* **Action item**: The answer must be an exact copy of the records, with every picture removed.

* **Records provided**:
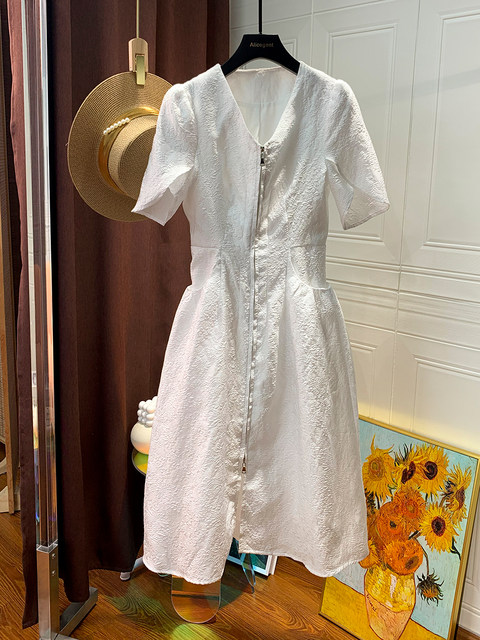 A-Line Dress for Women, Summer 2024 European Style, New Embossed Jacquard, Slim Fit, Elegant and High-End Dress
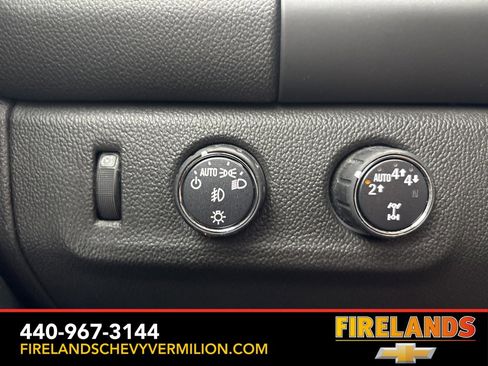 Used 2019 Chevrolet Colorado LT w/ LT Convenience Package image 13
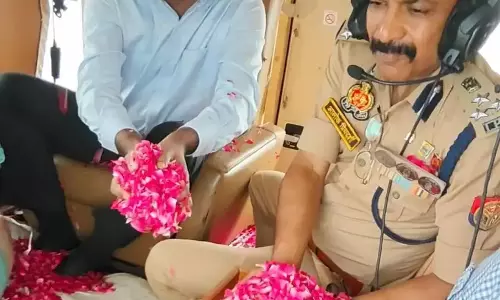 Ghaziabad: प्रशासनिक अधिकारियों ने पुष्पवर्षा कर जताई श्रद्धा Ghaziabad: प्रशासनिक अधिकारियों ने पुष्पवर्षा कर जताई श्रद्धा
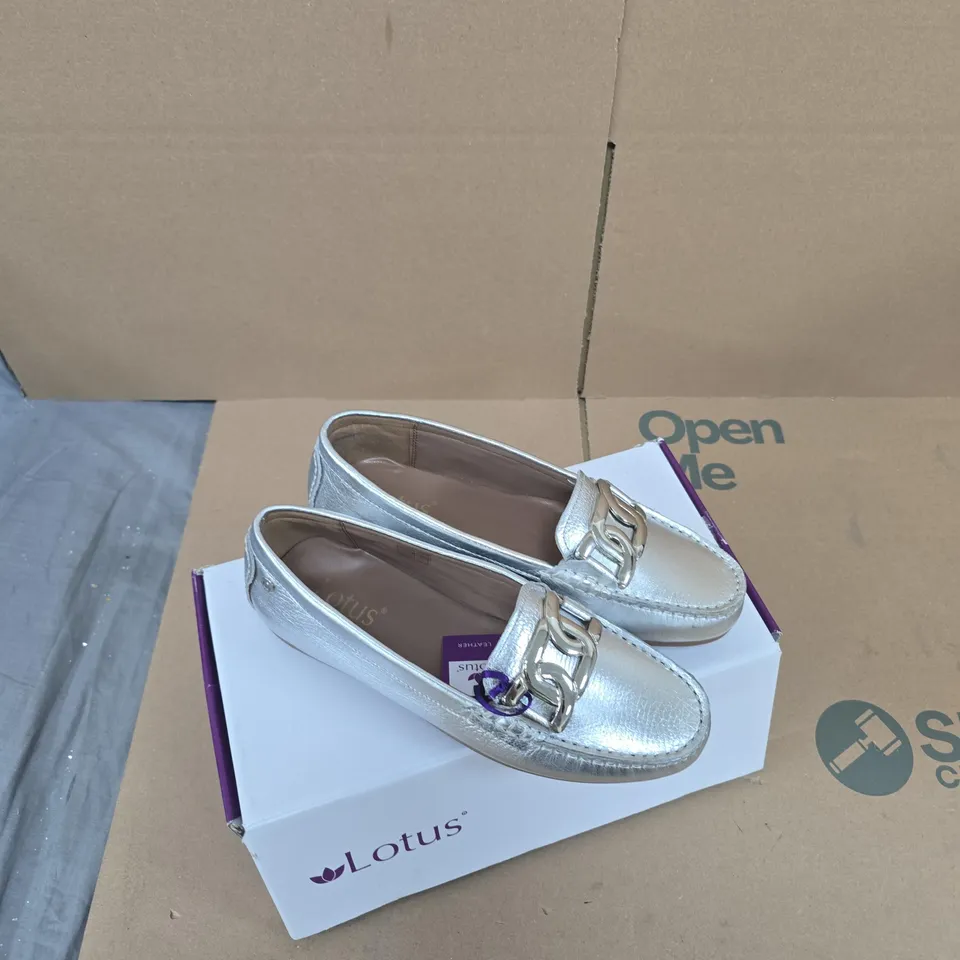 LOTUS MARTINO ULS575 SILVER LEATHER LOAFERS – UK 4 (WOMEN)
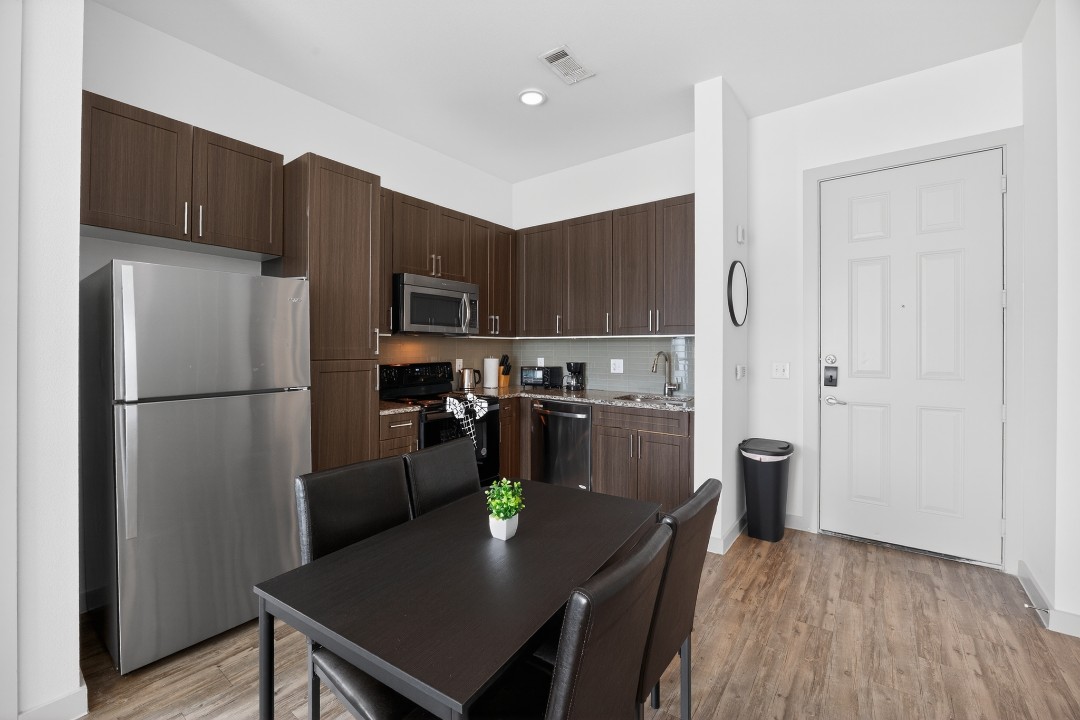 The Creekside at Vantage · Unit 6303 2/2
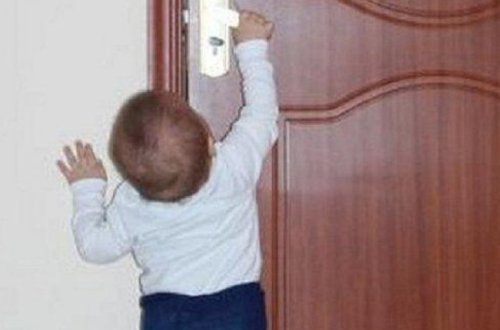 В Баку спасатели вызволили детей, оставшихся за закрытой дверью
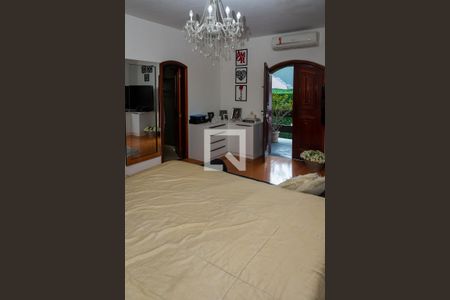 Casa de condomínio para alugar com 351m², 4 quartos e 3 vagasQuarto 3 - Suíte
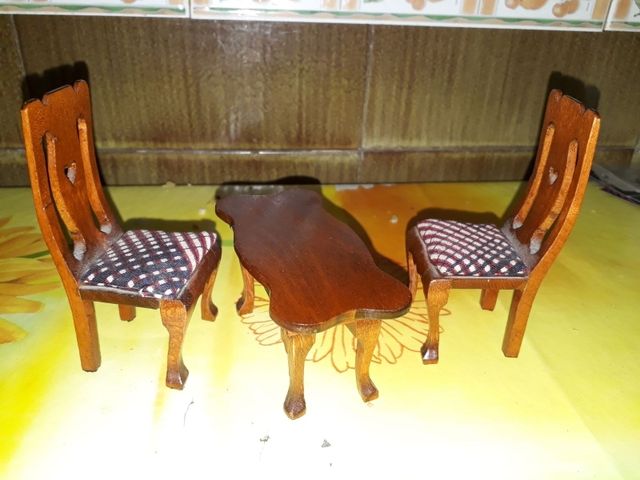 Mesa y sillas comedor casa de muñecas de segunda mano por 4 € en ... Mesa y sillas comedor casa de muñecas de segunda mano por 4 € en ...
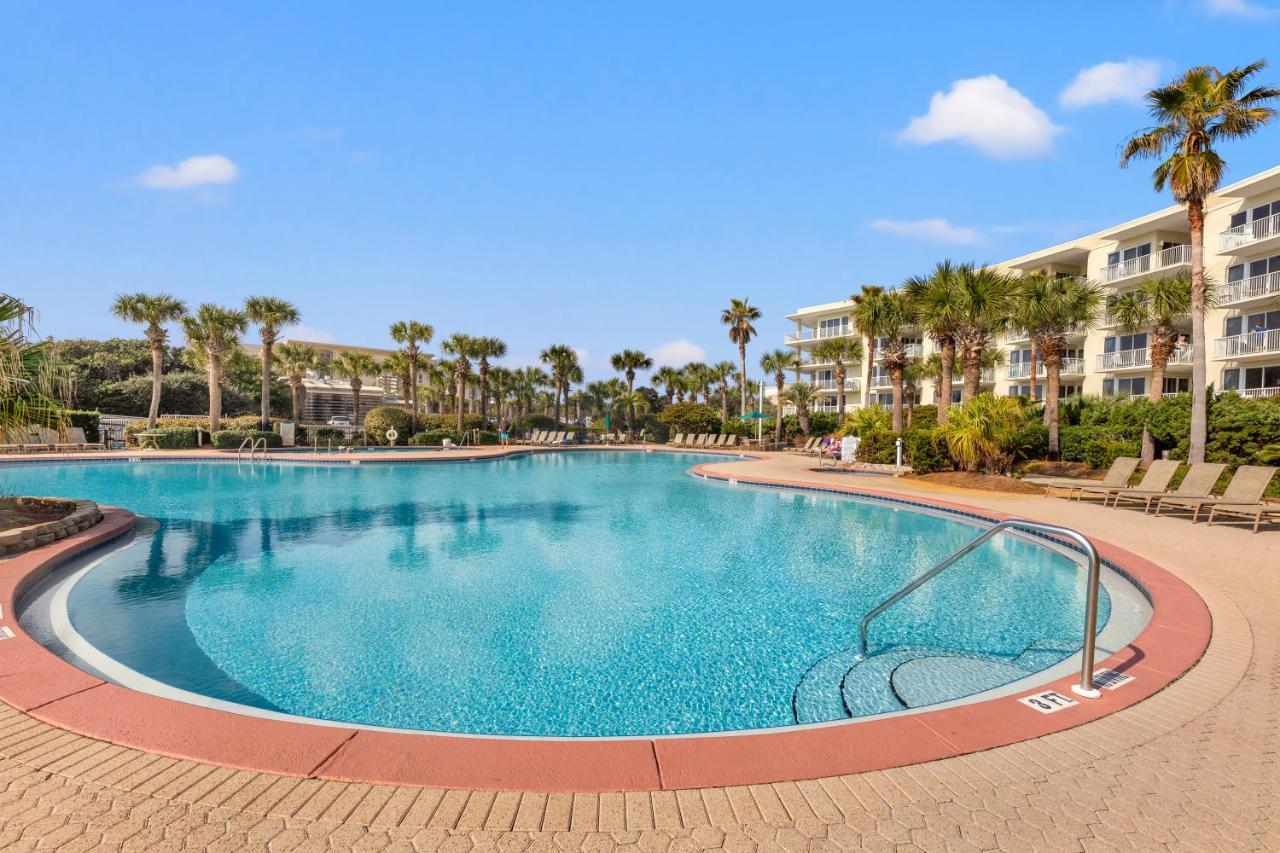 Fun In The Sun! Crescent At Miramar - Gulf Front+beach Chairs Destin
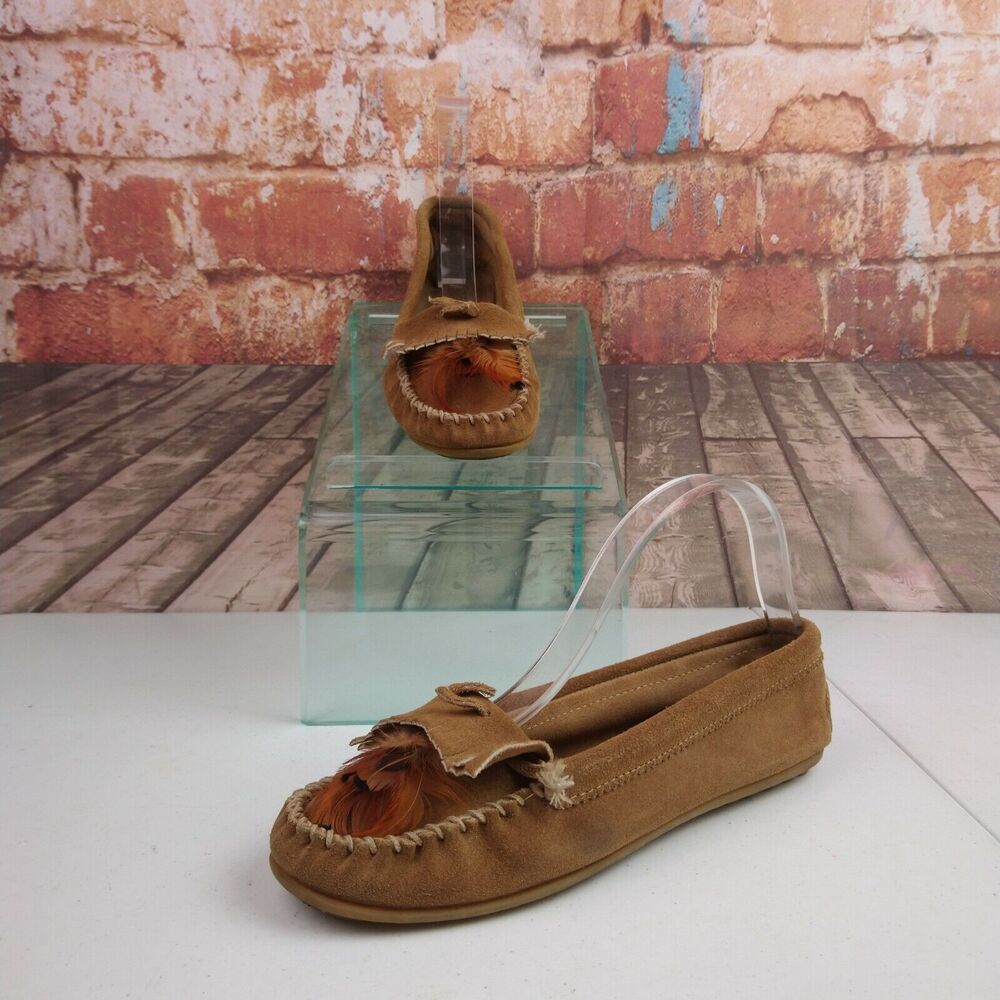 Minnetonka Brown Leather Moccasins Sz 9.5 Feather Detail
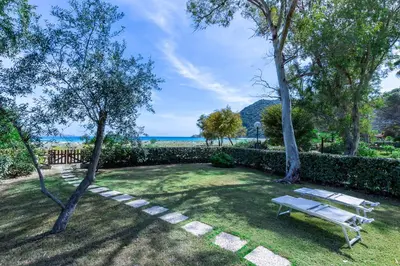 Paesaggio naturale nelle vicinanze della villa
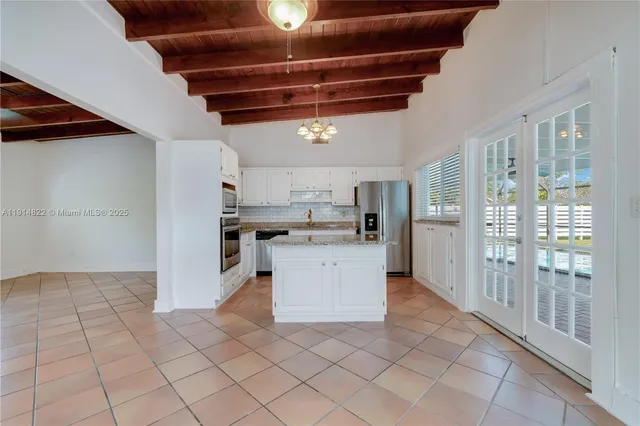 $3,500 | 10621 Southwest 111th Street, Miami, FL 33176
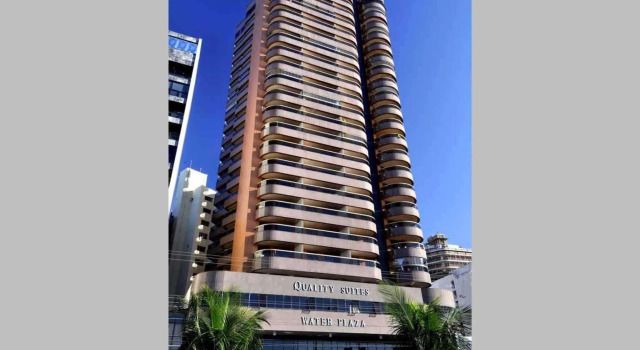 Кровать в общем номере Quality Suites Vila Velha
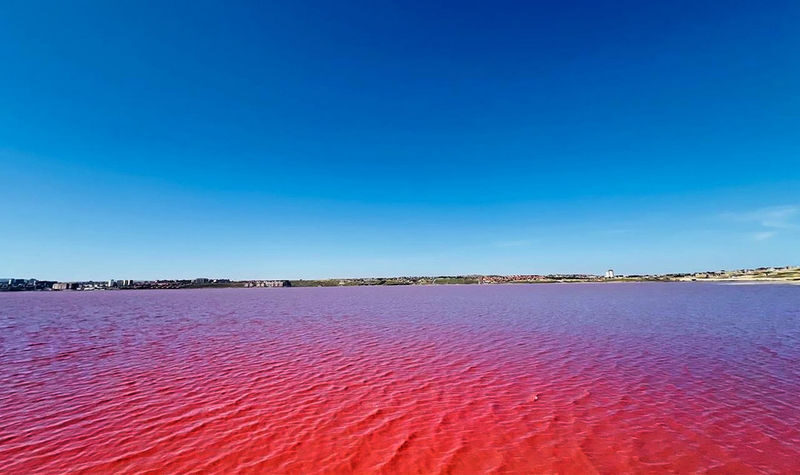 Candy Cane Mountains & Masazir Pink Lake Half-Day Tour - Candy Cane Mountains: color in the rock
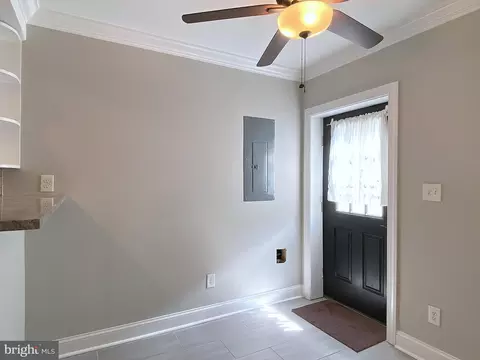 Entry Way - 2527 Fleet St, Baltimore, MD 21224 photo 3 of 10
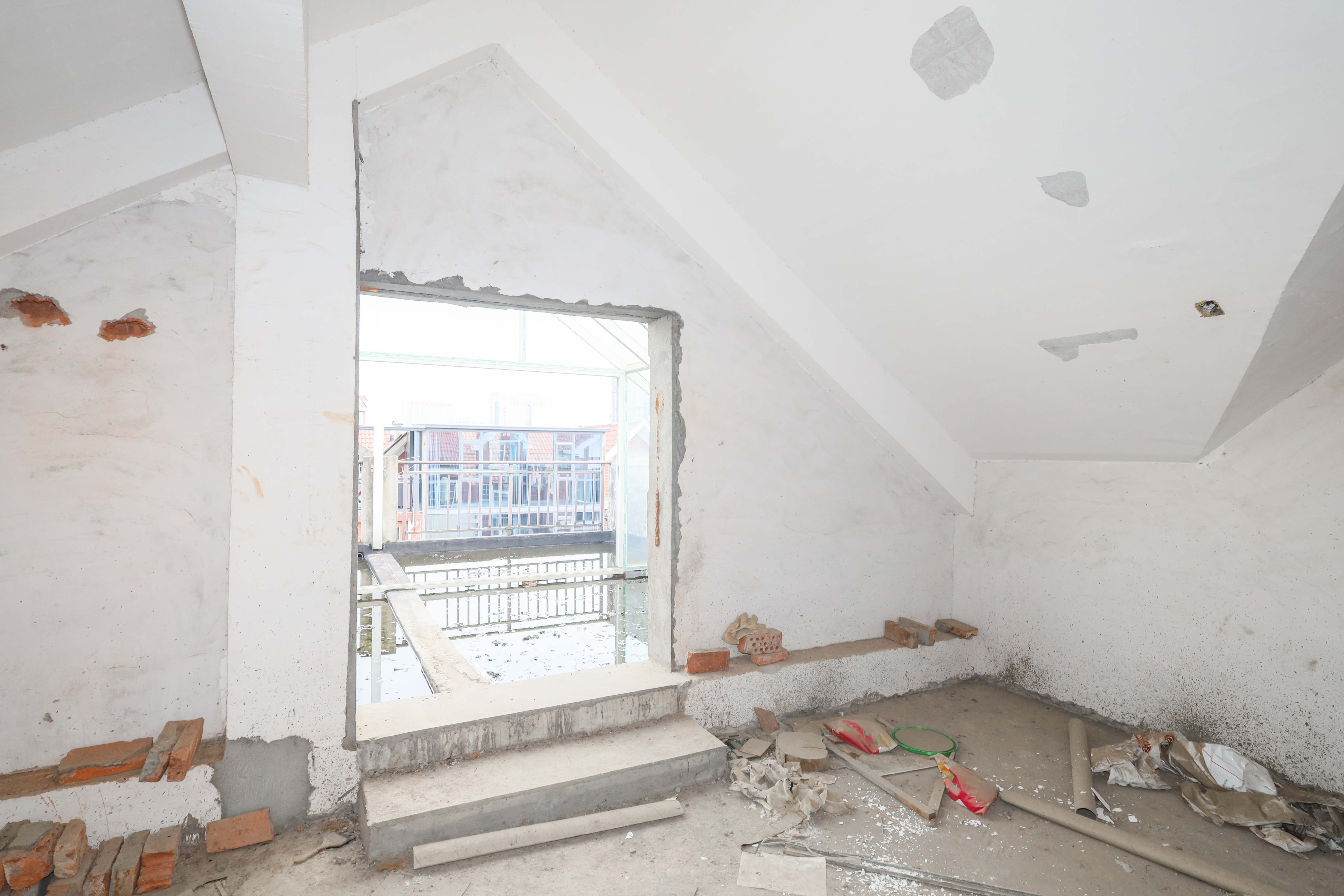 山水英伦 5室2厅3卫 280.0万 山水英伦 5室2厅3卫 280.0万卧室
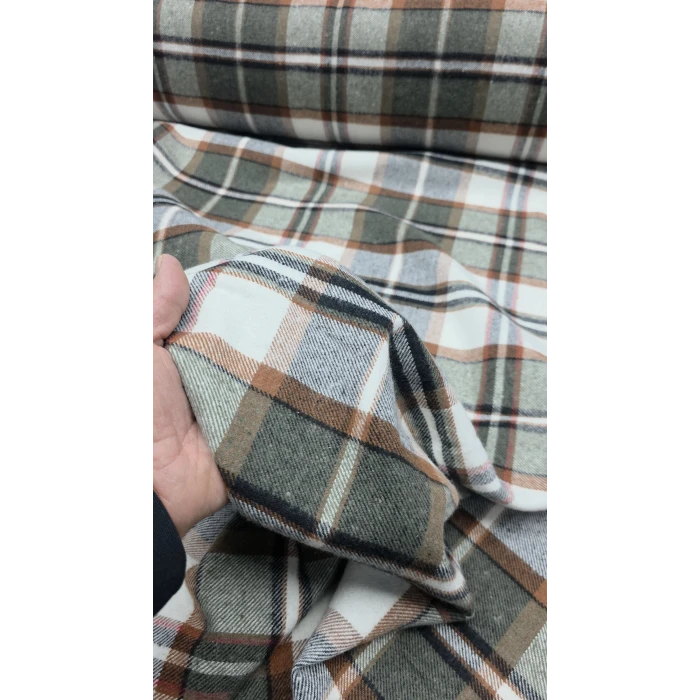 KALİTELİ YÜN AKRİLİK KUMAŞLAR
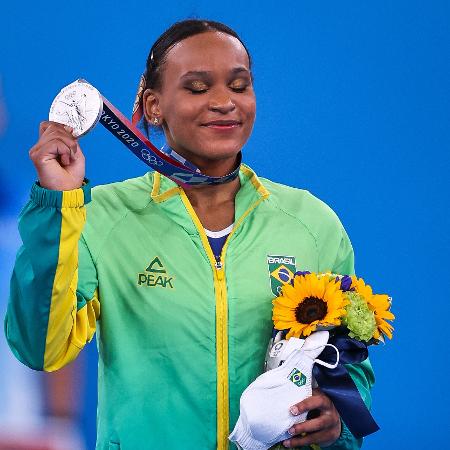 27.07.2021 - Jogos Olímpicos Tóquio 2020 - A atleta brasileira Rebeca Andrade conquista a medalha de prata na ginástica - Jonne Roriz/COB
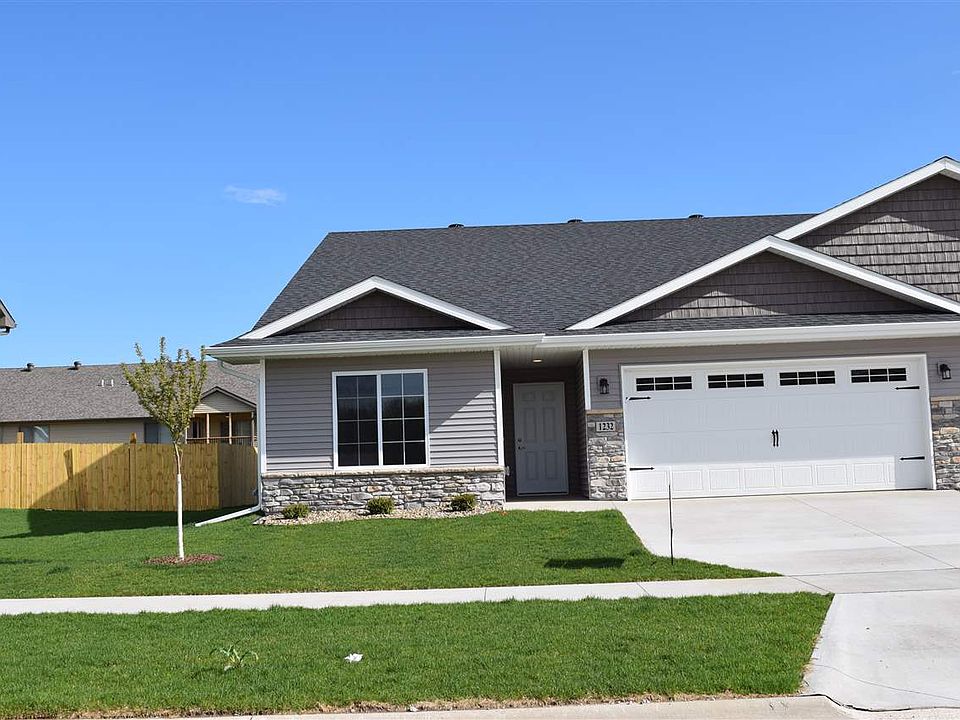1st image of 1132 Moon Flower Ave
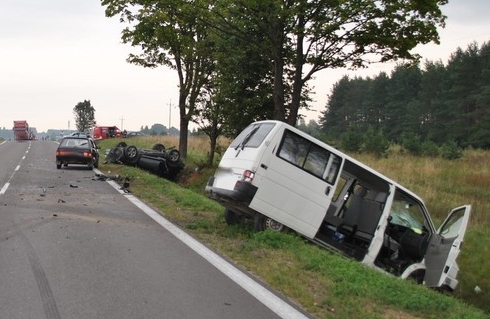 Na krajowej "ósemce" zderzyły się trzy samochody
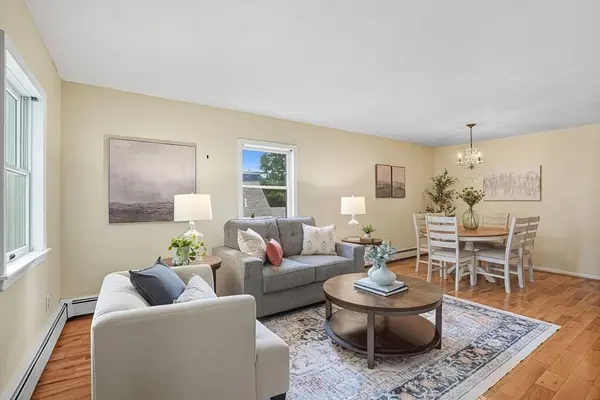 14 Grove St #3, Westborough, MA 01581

* **Solution for this task**:
 A-Line Dress for Women, Summer 2024 European Style, New Embossed Jacquard, Slim Fit, Elegant and High-End Dress
 Used 2019 Chevrolet Colorado LT w/ LT Convenience Package image 13
 Ghaziabad: प्रशासनिक अधिकारियों ने पुष्पवर्षा कर जताई श्रद्धा Ghaziabad: प्रशासनिक अधिकारियों ने पुष्पवर्षा कर जताई श्रद्धा
 LOTUS MARTINO ULS575 SILVER LEATHER LOAFERS – UK 4 (WOMEN)
 The Creekside at Vantage · Unit 6303 2/2
 В Баку спасатели вызволили детей, оставшихся за закрытой дверью
 Casa de condomínio para alugar com 351m², 4 quartos e 3 vagasQuarto 3 - Suíte
 Mesa y sillas comedor casa de muñecas de segunda mano por 4 € en ... Mesa y sillas comedor casa de muñecas de segunda mano por 4 € en ...
 Fun In The Sun! Crescent At Miramar - Gulf Front+beach Chairs Destin
 Minnetonka Brown Leather Moccasins Sz 9.5 Feather Detail
 Paesaggio naturale nelle vicinanze della villa
 $3,500 | 10621 Southwest 111th Street, Miami, FL 33176
 Кровать в общем номере Quality Suites Vila Velha
 Candy Cane Mountains & Masazir Pink Lake Half-Day Tour - Candy Cane Mountains: color in the rock
 Entry Way - 2527 Fleet St, Baltimore, MD 21224 photo 3 of 10
 山水英伦 5室2厅3卫 280.0万 山水英伦 5室2厅3卫 280.0万卧室
 KALİTELİ YÜN AKRİLİK KUMAŞLAR
 27.07.2021 - Jogos Olímpicos Tóquio 2020 - A atleta brasileira Rebeca Andrade conquista a medalha de prata na ginástica - Jonne Roriz/COB
1st image of 1132 Moon Flower Ave
 Na krajowej "ósemce" zderzyły się trzy samochody
 14 Grove St #3, Westborough, MA 01581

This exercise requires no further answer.